Grundliegender Gedanke dieses Grobkonzeptes ist die Tatsache, dass Internetseiten, egal ob einer Virtuellen Community angehörend oder nicht, grafisch in unzureichendem Maße die konkrete Benutzung verschiedener Besucher (z.B. Klicken von Buttons etc.) wiederspiegelt.

Dabei stellt sich die Frage, inwiefern es der Besucher als natürlich empfindet, Grafiken (z.B. Buttons) auf einer Internetseite wiederzufinden, die auch nach tausenden von Zugriffen "so neu wie am ersten Besuchstag" aussehen. Man hat sich inzwischen daran gewöhnt, dass On-mouse-over/On-Klick-Effekte die einzigen etablierten Modifikationensformen sind. Die temporären grafischen Zustände gehen meist nicht über den Zweck hinaus, die Seitennavigation visuell zu verdeutlichen und damit die Benutzerführung zu vereinfachen.


Ziel ist es, neue Wege in Layout und Grafik zu finden, die dem Benutzer das Gefühl gibt eine frequentierte Seite zu besuchen. Dies bedeutet, Inhalte nicht nur aufzurufen, sondern zu benutzen / abzunutzen und dabei seine Arbeits-Spuren für nachfolgende Besucher zu hinterlassen.

Somit kann auf die Verwendung eines Web-Counters als veraltetes, unglaubwürdiges Tool zum mathematischen Beweis von Zugriffsverkehr, verzichtet werden.



Real-Life Metapher: Die Bibliothek


Zum besseren Verständnis von der automatischen, dynamischen Visualisierung von häufigen Zugriffen auf Inhalte soll zunächst die "Fahrstuhl-Metapher" herangezogen werden:

In einer mehrstöckigen, etwas älteren Bibliothek kann man im Fahrstuhl an der Abnutzung der Fahrstuhl-Knöpfe sehen, welcher Knopf am öftesten gedrückt wurde bzw. sogar an welcher Stelle. Falls alle Etagen gleichmäßig aufgebaut sind und grundsätzlich besucht werden sollte es so sein, dass der Erdgeschoss-Knopf am meisten gedrückt bzw. abgenutzt wird, da er bei fast allen Abwärtsfahrten gedrückt wird. Weichen Beoachtungen von dieser Tatsache ab, so lassen sich neue Schlußfolgerungen ziehen (z.B. Knopf der vierten Etage nach 10 Jahren so gut wie neu, da diese Etage weniger besucht / gewählt wird ...). Insgesamt ist in jedem Fall für alle regelmäßigen Besucher klar, dass der Fahrstuhl in unterschiedlicher Art und Weise be- und abgenutzt wird und somit die Bibliothek an sich besucht wird, ohne daß man alle Besucher gleichzeitig sieht.
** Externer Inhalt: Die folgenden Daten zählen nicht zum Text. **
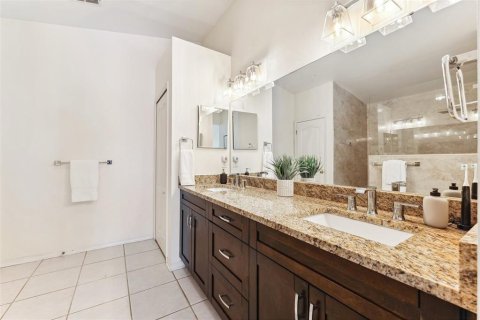 House in Largo, Florida 4 bedrooms, 214.05 sq.m. № 1759265 - photo 14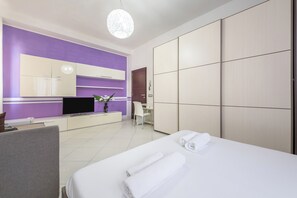 Classic Triple Room | Free WiFi - Thanit rooms (Cagliari)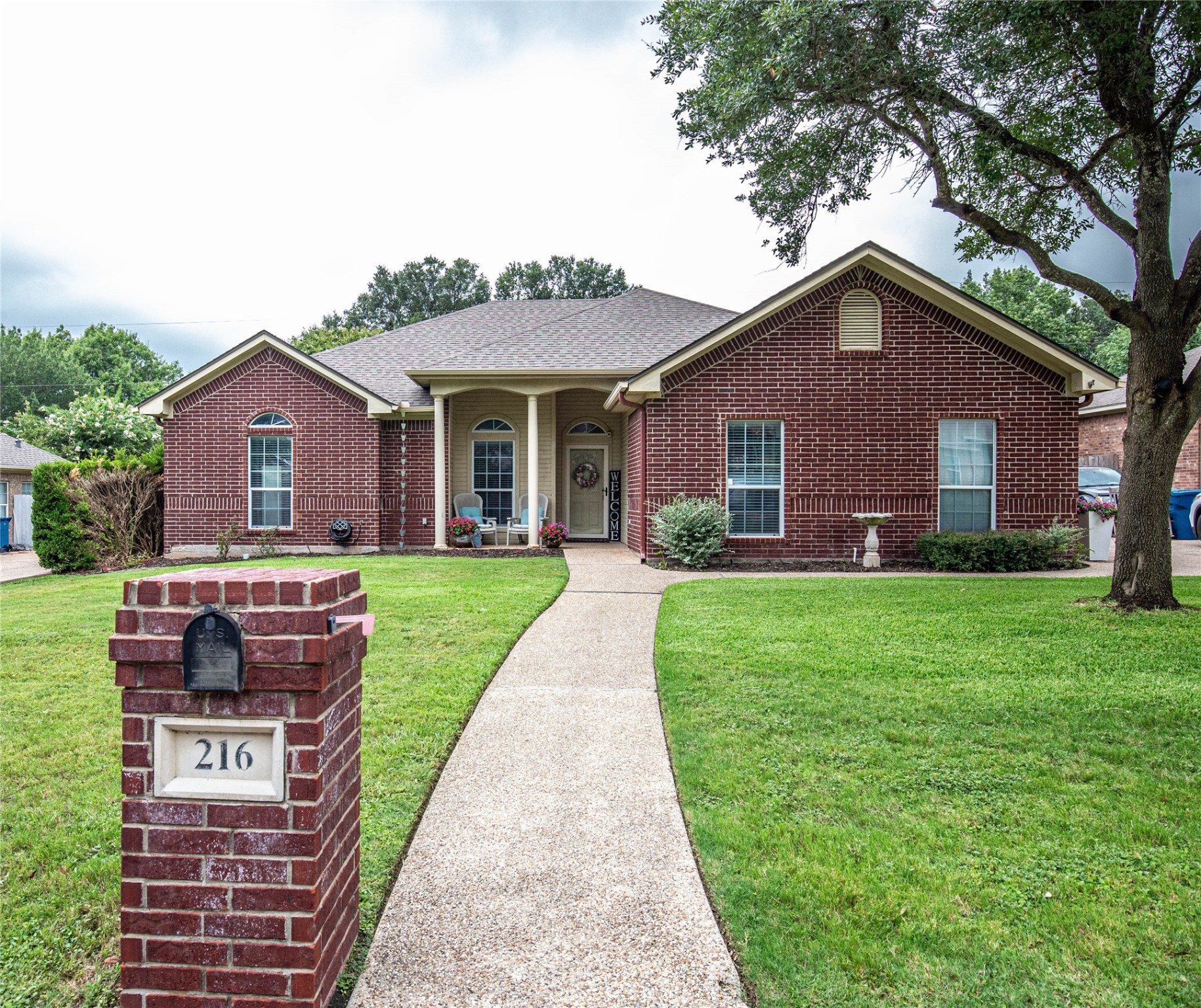 216 Keswick Drive Hewitt TX 76643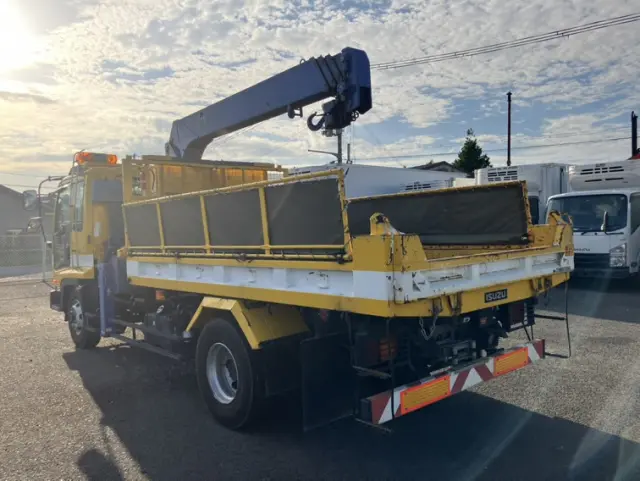 いすゞ フォワード PB-FRR35G3(2WD)の写真7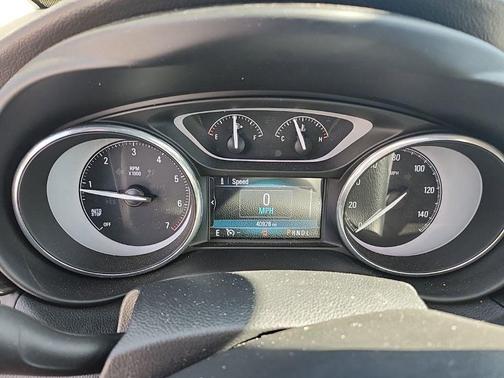 2020 Buick Envision FWD Essence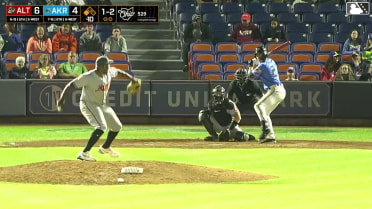 Dean Curley singles on a ground ball to center fielder Lonnie White Jr. Bennett Thompson scores.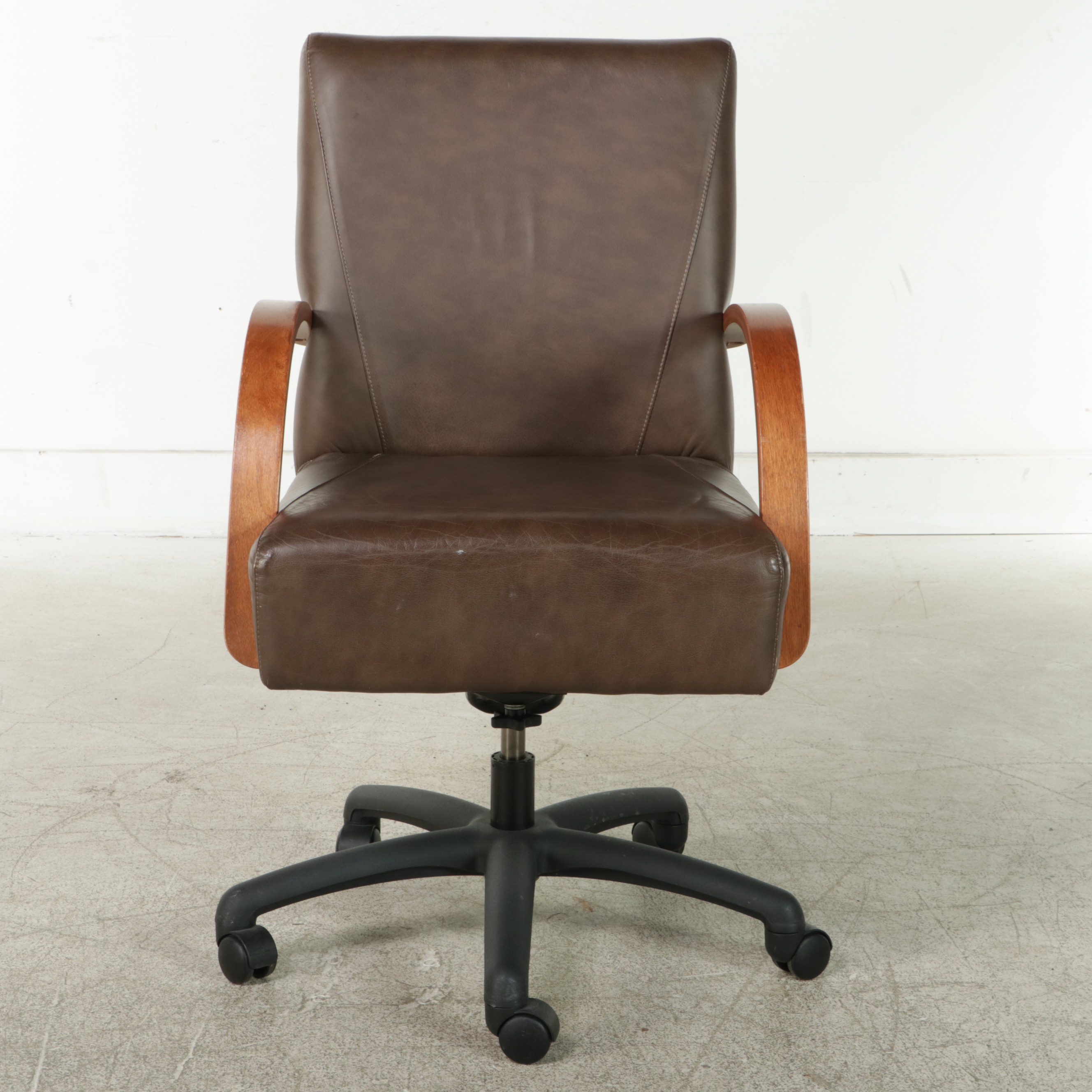 Bentwood and Bonded Leather SwivelTilt AdjustableHeight Desk Chair EBTH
Mit einer etwas anderen Metapher kann verdeutlicht werden, in welchem Fall Inhalte total "verstauben".

Bücher, die häufiger gelesen werden sind weniger verstaubt. Außerdem kann man in ihnen indirekt ablesen, wie oft sie bereits benutzt worden sind: man vergleicht, wann die Bibliothek das Buch gekauft hat und betrachtet sämtliche Bleistiftnotizen, Eselsohren und sonstigen "Spuren" der Benutzer. Dieser merkt schnell, ob andere sich schon seit Benutzer-Generationen mit den Inhalten beschäftigen und ob das Buch bis zu einem gewissen Grad überhaupt jemals "gefragt" war. Kann ein 30 Jahre altes Buch, dass komplett eingestaubt im Regal steht, jedoch ansonsten noch "wie neu" aussieht in einer vielbesuchten Bibliothek, in der viele Bücher entliehen werden, überhaupt gut sein? Oder steht es nur zu weit oben im Regal? Muss sich eine Bibliothek, in der alle Bücher "verstauben" nicht u.a. Gedanken über ihr Angebot machen?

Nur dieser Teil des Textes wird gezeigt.